Mal sehen, vielleicht leg ich mir bei den momentanen Preisen auch mal die UE 700 zu, nur um mal zu sehen wie sie mir gefallen.

Grüße
Buffalo_Olaf

EDIT: Hab grad noch mal auf Amazon eine Rezension gelesen, die deine Eindrücke genau wiedergibt.

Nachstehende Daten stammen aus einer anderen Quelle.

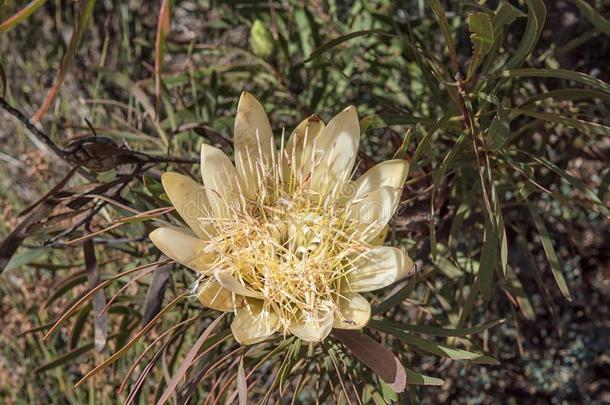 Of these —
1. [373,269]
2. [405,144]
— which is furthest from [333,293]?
[405,144]

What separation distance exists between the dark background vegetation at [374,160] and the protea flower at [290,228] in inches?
2.0

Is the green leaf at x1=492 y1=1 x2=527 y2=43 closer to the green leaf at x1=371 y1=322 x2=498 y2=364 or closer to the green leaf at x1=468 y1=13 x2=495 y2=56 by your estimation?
the green leaf at x1=468 y1=13 x2=495 y2=56

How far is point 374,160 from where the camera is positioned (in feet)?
2.93

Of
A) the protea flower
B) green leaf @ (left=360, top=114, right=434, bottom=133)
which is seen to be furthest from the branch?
green leaf @ (left=360, top=114, right=434, bottom=133)

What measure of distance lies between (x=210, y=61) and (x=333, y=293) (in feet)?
3.49

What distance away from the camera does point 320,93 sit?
3.62 feet

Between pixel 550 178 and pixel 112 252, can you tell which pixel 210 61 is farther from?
pixel 550 178

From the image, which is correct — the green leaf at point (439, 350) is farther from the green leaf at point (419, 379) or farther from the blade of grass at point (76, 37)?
the blade of grass at point (76, 37)

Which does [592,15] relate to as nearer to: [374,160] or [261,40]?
[374,160]

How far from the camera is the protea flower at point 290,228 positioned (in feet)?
2.11

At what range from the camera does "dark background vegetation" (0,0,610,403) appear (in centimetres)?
81

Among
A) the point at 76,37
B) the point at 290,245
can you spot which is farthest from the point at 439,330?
the point at 76,37

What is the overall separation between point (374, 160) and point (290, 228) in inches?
8.8

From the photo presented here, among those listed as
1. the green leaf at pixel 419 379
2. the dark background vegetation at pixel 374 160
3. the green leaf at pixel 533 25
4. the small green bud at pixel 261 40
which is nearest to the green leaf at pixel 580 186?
the dark background vegetation at pixel 374 160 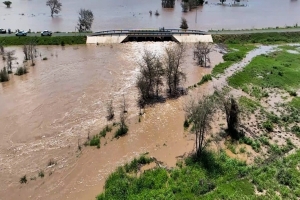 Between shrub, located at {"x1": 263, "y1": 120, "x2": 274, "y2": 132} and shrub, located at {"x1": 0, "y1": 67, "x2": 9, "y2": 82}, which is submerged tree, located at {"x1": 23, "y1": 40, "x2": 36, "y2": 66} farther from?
shrub, located at {"x1": 263, "y1": 120, "x2": 274, "y2": 132}

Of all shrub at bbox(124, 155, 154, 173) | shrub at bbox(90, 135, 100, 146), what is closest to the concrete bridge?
shrub at bbox(90, 135, 100, 146)

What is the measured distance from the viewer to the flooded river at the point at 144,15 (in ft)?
228

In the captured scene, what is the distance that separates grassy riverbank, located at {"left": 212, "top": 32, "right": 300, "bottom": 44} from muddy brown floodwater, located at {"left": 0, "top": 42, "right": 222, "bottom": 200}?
1319cm

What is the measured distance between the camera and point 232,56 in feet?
163

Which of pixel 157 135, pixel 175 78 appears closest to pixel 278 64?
pixel 175 78

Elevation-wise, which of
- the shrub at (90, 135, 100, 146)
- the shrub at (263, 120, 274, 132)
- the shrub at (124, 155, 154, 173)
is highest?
the shrub at (263, 120, 274, 132)

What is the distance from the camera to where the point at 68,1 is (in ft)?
334

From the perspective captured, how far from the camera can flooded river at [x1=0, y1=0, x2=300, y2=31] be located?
2739 inches

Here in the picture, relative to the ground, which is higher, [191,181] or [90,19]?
[90,19]

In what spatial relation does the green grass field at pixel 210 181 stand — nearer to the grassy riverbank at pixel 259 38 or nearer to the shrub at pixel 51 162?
the shrub at pixel 51 162

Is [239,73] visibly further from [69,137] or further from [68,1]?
[68,1]

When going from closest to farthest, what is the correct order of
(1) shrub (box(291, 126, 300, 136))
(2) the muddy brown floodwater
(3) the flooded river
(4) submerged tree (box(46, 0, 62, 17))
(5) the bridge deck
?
(2) the muddy brown floodwater < (1) shrub (box(291, 126, 300, 136)) < (5) the bridge deck < (3) the flooded river < (4) submerged tree (box(46, 0, 62, 17))

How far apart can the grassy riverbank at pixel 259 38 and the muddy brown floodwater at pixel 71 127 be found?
1319 cm

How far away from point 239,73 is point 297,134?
15.8 m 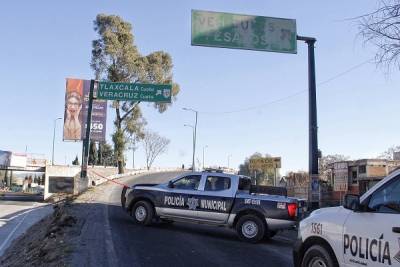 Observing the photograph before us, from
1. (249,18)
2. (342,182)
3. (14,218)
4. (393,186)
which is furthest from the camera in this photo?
(342,182)

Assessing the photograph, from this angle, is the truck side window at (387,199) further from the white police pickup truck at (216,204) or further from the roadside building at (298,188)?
the roadside building at (298,188)

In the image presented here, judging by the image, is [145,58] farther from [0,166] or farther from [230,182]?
[230,182]

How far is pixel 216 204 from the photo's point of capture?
48.5 feet

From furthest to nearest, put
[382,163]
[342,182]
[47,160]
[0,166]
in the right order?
[47,160], [0,166], [342,182], [382,163]

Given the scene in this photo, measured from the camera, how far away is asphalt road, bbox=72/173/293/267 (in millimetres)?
10195

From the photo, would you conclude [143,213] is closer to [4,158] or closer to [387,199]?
[387,199]

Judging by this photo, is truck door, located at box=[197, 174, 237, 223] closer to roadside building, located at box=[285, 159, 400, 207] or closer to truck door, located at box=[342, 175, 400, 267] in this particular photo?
truck door, located at box=[342, 175, 400, 267]

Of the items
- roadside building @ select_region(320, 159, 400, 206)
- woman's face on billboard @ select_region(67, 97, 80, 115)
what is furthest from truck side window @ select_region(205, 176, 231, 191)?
woman's face on billboard @ select_region(67, 97, 80, 115)

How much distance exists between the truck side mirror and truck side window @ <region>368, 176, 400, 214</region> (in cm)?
14

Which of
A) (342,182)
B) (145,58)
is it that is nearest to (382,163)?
(342,182)

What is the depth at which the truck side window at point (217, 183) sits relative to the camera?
1498cm

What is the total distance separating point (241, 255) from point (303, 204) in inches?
155

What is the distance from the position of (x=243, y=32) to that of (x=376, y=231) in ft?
46.1

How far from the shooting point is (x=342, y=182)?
52469mm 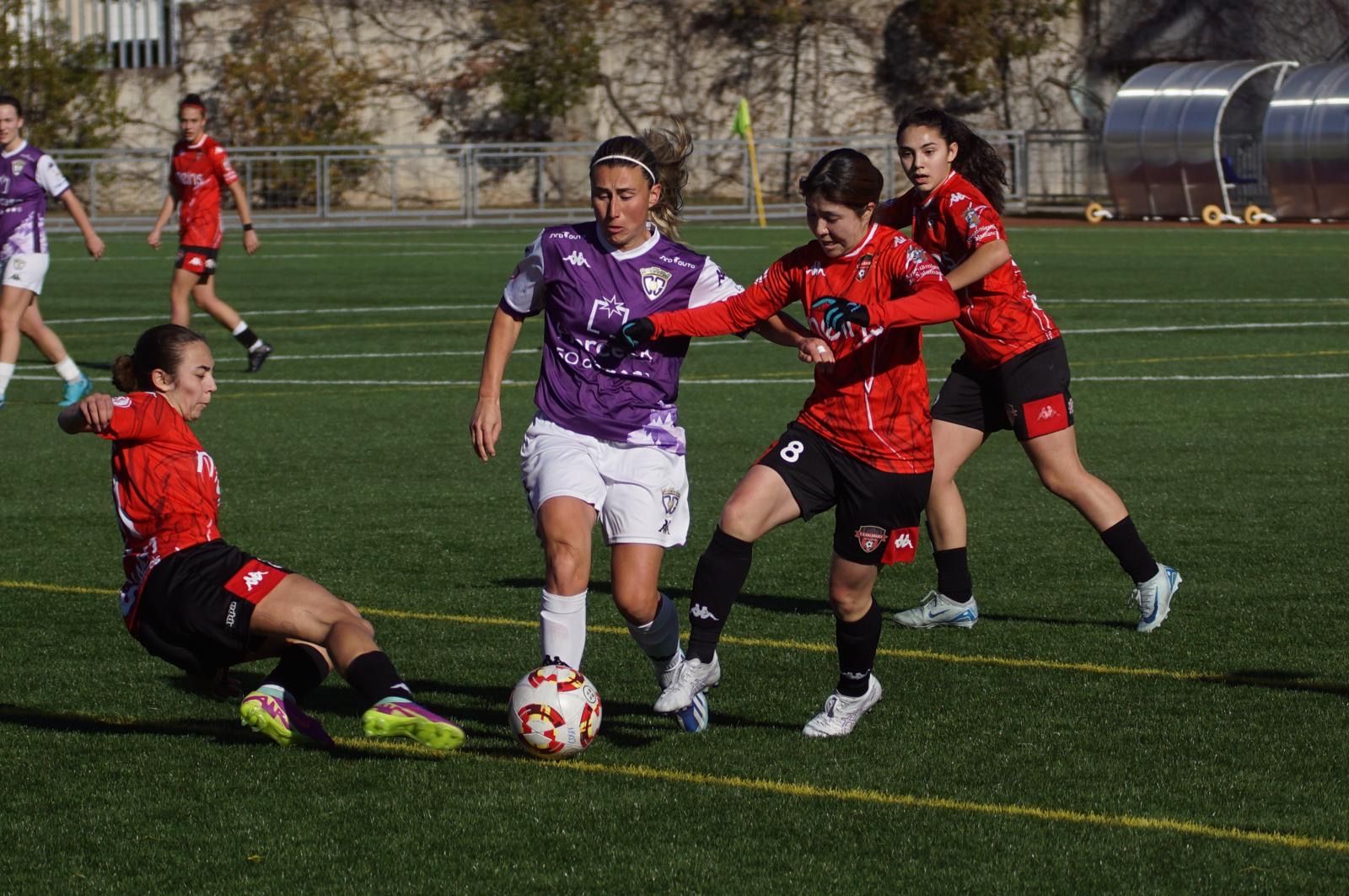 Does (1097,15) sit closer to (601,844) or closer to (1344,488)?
(1344,488)

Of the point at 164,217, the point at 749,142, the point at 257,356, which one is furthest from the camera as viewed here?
the point at 749,142

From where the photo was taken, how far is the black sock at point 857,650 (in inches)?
234

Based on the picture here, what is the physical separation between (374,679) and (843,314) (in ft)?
5.34

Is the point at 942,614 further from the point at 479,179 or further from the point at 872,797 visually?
the point at 479,179

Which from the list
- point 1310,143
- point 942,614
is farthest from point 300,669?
point 1310,143

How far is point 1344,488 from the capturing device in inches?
405

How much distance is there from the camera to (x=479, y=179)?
42.0 m

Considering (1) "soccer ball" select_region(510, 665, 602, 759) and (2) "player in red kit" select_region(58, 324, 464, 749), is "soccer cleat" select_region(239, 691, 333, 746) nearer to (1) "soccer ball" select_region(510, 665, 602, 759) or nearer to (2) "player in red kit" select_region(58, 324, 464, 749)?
(2) "player in red kit" select_region(58, 324, 464, 749)

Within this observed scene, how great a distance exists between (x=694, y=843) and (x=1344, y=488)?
253 inches

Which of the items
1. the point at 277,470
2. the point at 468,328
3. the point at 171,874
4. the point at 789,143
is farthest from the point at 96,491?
the point at 789,143

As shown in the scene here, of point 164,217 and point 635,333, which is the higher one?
point 635,333

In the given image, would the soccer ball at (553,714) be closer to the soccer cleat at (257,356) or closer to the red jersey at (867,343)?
the red jersey at (867,343)

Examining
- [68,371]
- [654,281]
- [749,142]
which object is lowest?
[749,142]

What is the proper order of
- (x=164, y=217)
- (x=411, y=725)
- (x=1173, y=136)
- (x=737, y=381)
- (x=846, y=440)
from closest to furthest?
1. (x=411, y=725)
2. (x=846, y=440)
3. (x=737, y=381)
4. (x=164, y=217)
5. (x=1173, y=136) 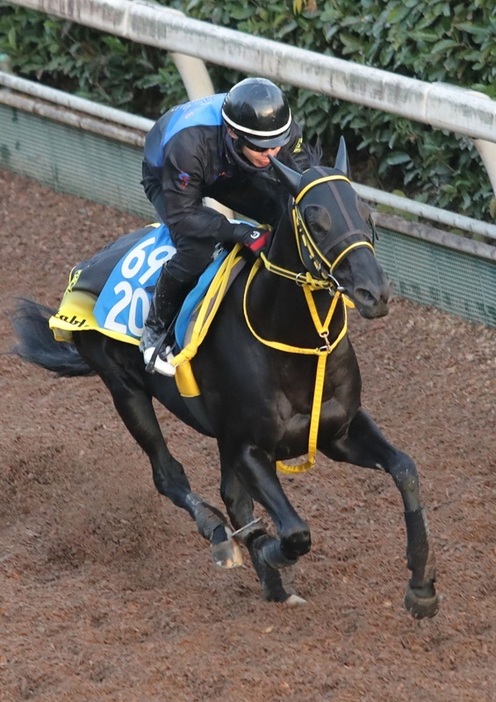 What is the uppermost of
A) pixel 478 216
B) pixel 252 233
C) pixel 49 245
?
pixel 252 233

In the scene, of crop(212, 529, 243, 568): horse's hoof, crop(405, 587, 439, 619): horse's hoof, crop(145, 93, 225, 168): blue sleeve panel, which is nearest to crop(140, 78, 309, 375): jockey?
crop(145, 93, 225, 168): blue sleeve panel

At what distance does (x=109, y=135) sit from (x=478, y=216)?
2793 millimetres

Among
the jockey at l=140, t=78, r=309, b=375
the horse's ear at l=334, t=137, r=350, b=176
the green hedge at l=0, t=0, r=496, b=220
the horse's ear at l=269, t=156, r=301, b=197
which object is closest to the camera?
the horse's ear at l=269, t=156, r=301, b=197

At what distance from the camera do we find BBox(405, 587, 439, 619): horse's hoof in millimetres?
5000

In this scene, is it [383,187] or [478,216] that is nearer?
[478,216]

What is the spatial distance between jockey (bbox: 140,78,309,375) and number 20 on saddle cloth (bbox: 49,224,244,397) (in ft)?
0.28

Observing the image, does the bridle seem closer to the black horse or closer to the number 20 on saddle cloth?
the black horse

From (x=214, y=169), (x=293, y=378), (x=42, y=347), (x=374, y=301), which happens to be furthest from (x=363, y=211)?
(x=42, y=347)

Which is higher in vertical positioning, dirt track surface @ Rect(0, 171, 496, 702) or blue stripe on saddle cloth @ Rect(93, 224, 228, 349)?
blue stripe on saddle cloth @ Rect(93, 224, 228, 349)

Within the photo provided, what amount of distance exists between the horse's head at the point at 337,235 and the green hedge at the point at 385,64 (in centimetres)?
279

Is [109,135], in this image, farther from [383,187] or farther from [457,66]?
Answer: [457,66]

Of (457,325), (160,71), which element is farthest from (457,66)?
(160,71)

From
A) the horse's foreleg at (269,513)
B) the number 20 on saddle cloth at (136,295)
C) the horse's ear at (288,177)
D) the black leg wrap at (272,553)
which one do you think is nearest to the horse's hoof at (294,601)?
the horse's foreleg at (269,513)

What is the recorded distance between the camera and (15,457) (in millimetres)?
6777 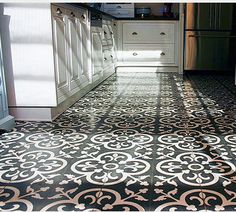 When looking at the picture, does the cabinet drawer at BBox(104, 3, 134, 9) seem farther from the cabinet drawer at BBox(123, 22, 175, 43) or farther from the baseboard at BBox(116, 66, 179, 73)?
the baseboard at BBox(116, 66, 179, 73)

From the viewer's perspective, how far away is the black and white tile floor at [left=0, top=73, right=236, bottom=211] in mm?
1227

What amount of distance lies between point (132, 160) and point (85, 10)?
2046mm

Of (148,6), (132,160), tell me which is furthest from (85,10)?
(148,6)

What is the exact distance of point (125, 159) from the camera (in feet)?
5.35

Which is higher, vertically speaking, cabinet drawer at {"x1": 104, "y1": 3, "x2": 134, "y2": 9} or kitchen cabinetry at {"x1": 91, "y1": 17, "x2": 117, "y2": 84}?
cabinet drawer at {"x1": 104, "y1": 3, "x2": 134, "y2": 9}

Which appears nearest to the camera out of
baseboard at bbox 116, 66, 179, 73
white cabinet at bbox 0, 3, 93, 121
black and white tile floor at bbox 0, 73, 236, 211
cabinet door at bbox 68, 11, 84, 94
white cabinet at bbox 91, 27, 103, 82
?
black and white tile floor at bbox 0, 73, 236, 211

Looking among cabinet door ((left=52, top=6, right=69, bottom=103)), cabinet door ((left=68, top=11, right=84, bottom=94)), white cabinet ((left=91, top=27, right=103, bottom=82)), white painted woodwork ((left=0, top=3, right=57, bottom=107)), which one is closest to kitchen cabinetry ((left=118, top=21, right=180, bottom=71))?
white cabinet ((left=91, top=27, right=103, bottom=82))

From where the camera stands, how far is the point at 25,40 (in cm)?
220

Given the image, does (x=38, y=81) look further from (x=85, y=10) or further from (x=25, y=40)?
(x=85, y=10)

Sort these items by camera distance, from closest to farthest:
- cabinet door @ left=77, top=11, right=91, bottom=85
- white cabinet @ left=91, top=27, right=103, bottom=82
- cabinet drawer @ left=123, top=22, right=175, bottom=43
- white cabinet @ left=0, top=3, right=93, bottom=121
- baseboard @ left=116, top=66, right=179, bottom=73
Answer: white cabinet @ left=0, top=3, right=93, bottom=121 < cabinet door @ left=77, top=11, right=91, bottom=85 < white cabinet @ left=91, top=27, right=103, bottom=82 < cabinet drawer @ left=123, top=22, right=175, bottom=43 < baseboard @ left=116, top=66, right=179, bottom=73

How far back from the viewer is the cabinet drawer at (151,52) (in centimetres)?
524

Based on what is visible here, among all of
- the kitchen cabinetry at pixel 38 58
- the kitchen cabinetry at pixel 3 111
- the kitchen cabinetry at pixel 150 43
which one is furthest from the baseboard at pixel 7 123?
the kitchen cabinetry at pixel 150 43

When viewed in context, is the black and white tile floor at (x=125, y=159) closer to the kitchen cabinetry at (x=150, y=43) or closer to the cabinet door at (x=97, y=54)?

[Beitrag von Buffalo_Olaf am 23. Jun 2010, 22:04 bearbeitet]
Somehow
Schaut ab und zu mal vorbei
#13 erstellt: 28. Dez 2010, 10:37
tritt dieses Problem denn auch bei den S-Modellen der NWZ-Reihe auf? Gibrs da Erfahrungen?
sofastreamer
Inventar
#14 erstellt: 01. Mai 2012, 15:54
wenn (wie markus in einem anderen thread bemerkte) der x10 qufgrund aktueller preise eine alternative zum audeo darstellt, würden mich zwei dinge interessieren:
1. bühnendarstellung im vergleich zum phonak und ue700
2. seitenschläferkompatibilität
Mastuner
Stammgast
#15 erstellt: 23. Mrz 2013, 23:21
Wäre er für 100 € akzeptabel? Suche nämlich so einen In-Ear. Noch etwas:
Wie ist der Bass verglichen mit anderen Kopfhörern? Am besten mit dem Sony MDR-1RBT.